(Source data)
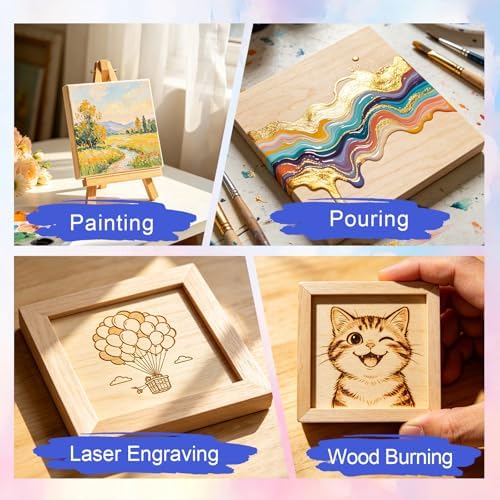 ESRICH 6 Pack Wood Panels with 4"x4", 5"x5", 6"x6", Square Craft Wood Canvas Boards, Blank Unfinished Wooden Art Board for DIY Art Creations Such as Painting, Acrylic Pouring, Resin, Burning, Collage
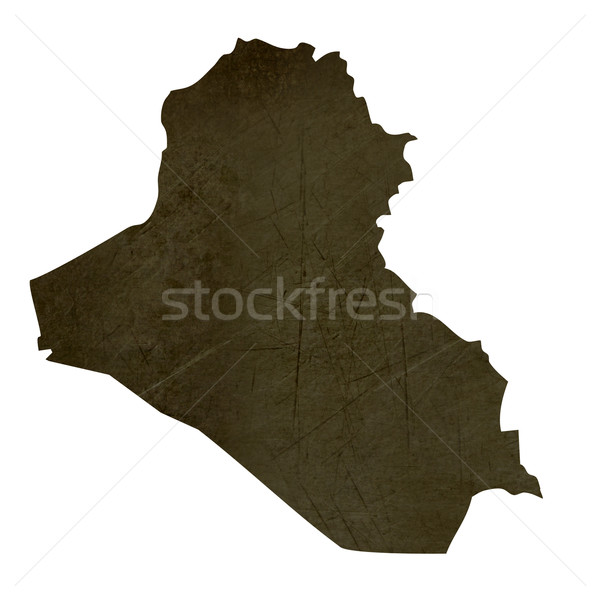 Dark silhouetted map of Iraq Stock photo © speedfighter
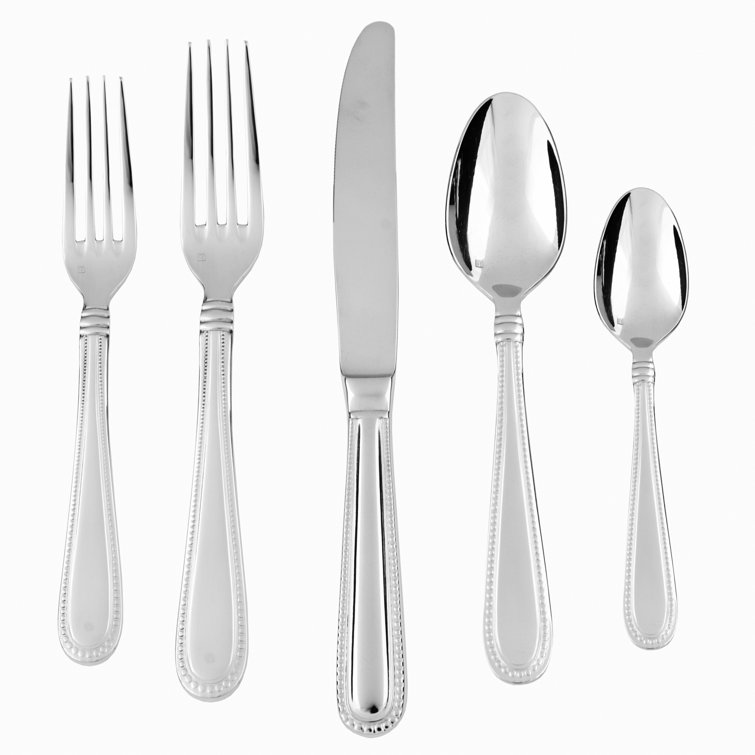 Fortessa Caviar 5 Piece 18/10 Stainless Steel Flatware Set, Service for 1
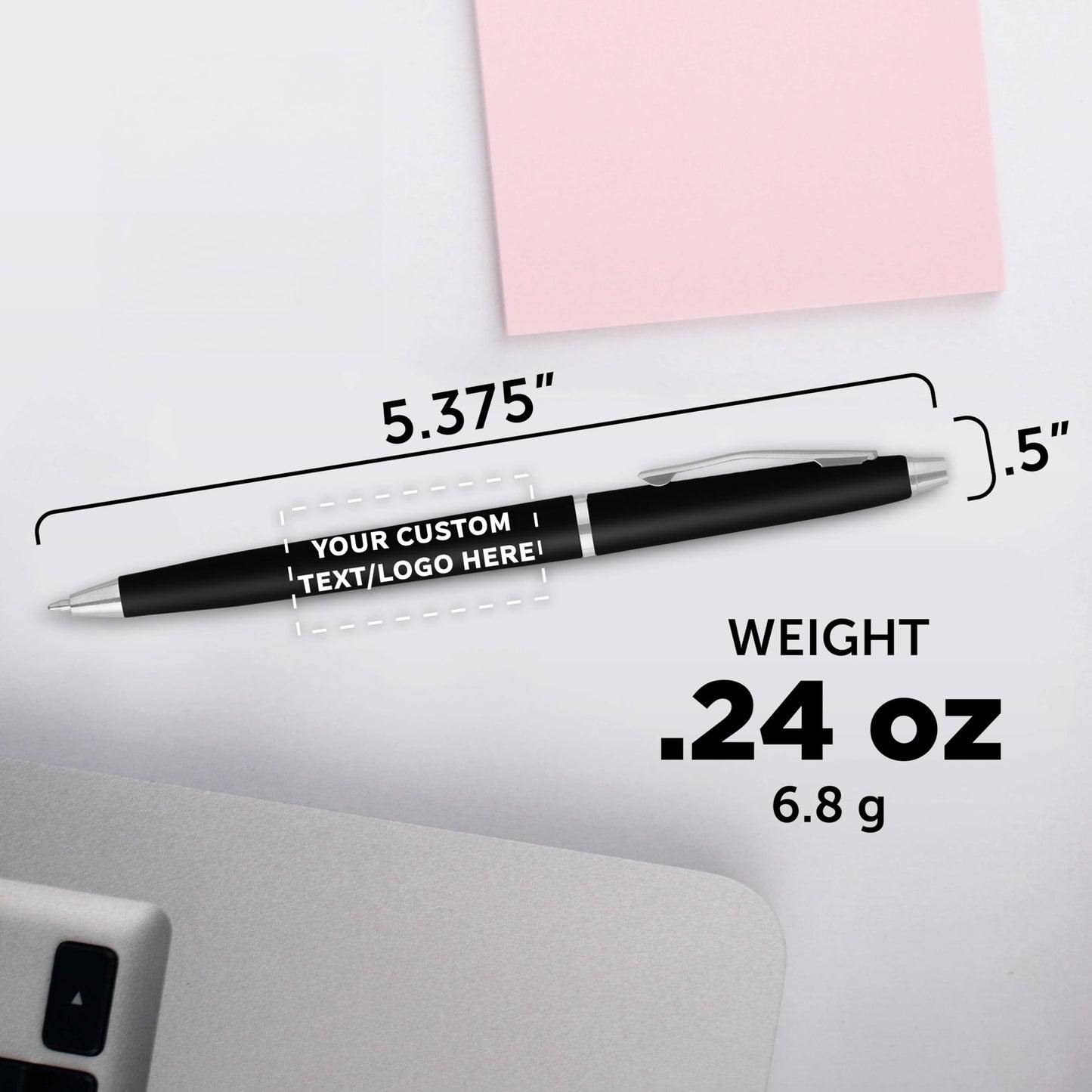 Personalized Langham Ballpoint Pens, Set of 10/50/100 by DISCOUNT PROMOS - Black Ink, Great for Office, Business, Tradeshows - Black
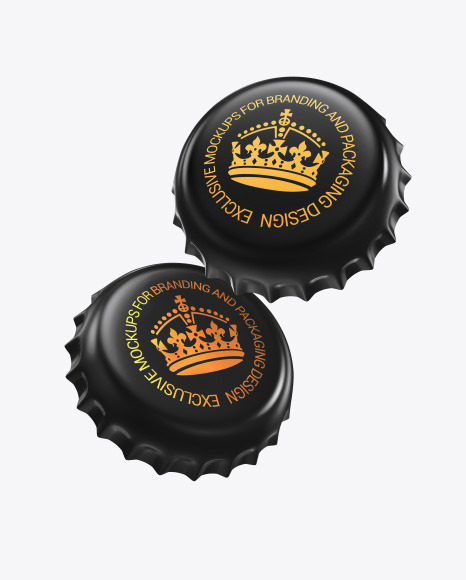 Download Glossy Metallic Bottle Caps Mockup In Bottle Mockups On Yellow Images Object Mockups PSD Mockup Templates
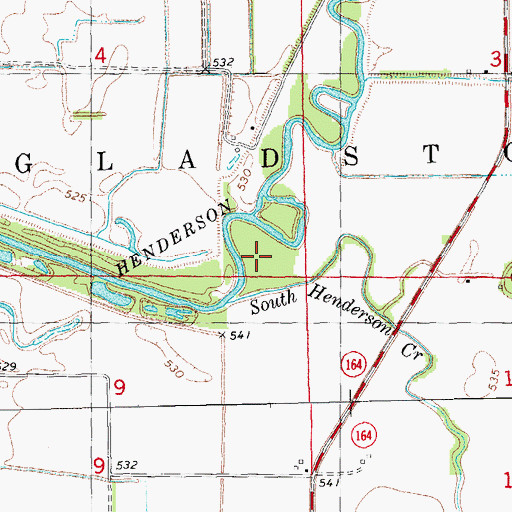 Topographic Map of South Henderson Creek, IL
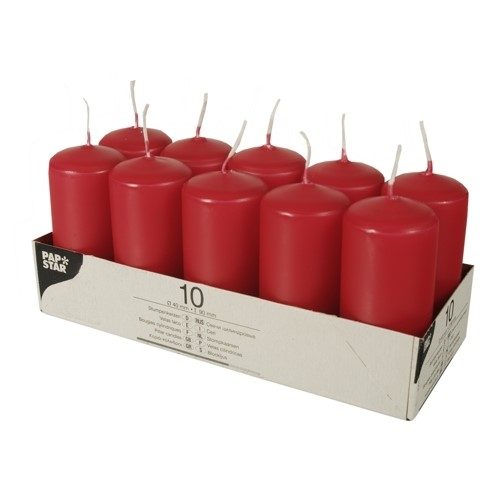 Pillar Candles 90 x 40mm Pack of 10 Red 17918 (Parcel Rate)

• Try it: Please repeat the entries exactly. Do not include the pictures.

• The completed task:
 ESRICH 6 Pack Wood Panels with 4"x4", 5"x5", 6"x6", Square Craft Wood Canvas Boards, Blank Unfinished Wooden Art Board for DIY Art Creations Such as Painting, Acrylic Pouring, Resin, Burning, Collage
 Dark silhouetted map of Iraq Stock photo © speedfighter
 Fortessa Caviar 5 Piece 18/10 Stainless Steel Flatware Set, Service for 1
 Personalized Langham Ballpoint Pens, Set of 10/50/100 by DISCOUNT PROMOS - Black Ink, Great for Office, Business, Tradeshows - Black
 Download Glossy Metallic Bottle Caps Mockup In Bottle Mockups On Yellow Images Object Mockups PSD Mockup Templates
 Topographic Map of South Henderson Creek, IL
 Pillar Candles 90 x 40mm Pack of 10 Red 17918 (Parcel Rate)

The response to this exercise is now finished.